-------- Task inputs --------

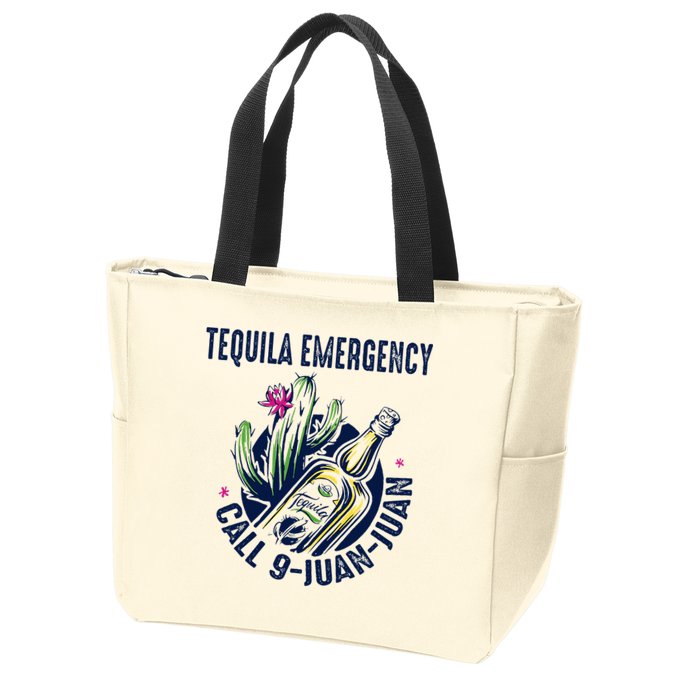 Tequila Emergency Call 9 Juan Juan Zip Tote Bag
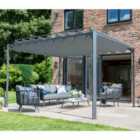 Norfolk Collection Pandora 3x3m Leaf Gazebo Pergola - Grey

--------
-------- Task inputs --------

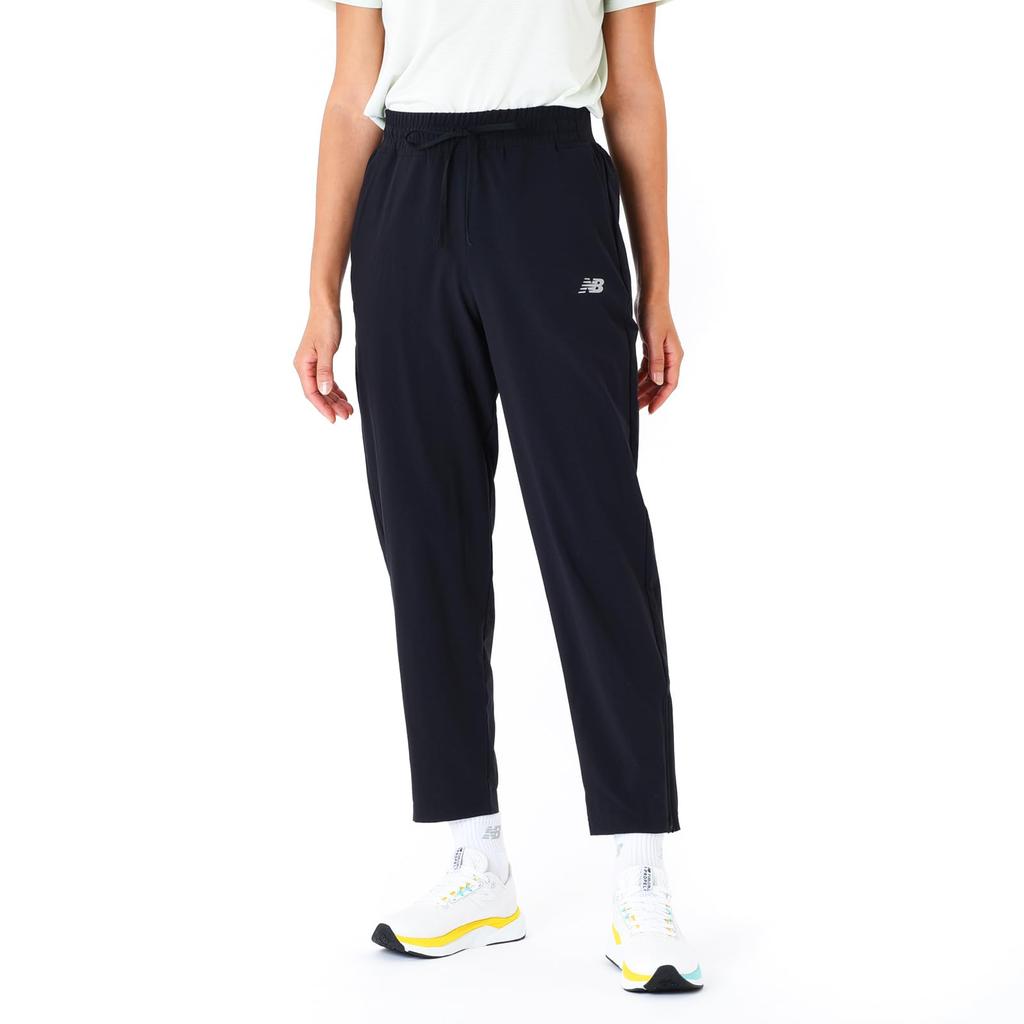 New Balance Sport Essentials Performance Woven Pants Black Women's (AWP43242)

--------

▶ [What you should do]: Skip every picture, and restate word for word only the lines above from the line containing "Tequila Emergency Call" to the line containing "Norfolk Collection Pandora", both of them included.

▶ [Your solution]:
 Tequila Emergency Call 9 Juan Juan Zip Tote Bag
 Norfolk Collection Pandora 3x3m Leaf Gazebo Pergola - Grey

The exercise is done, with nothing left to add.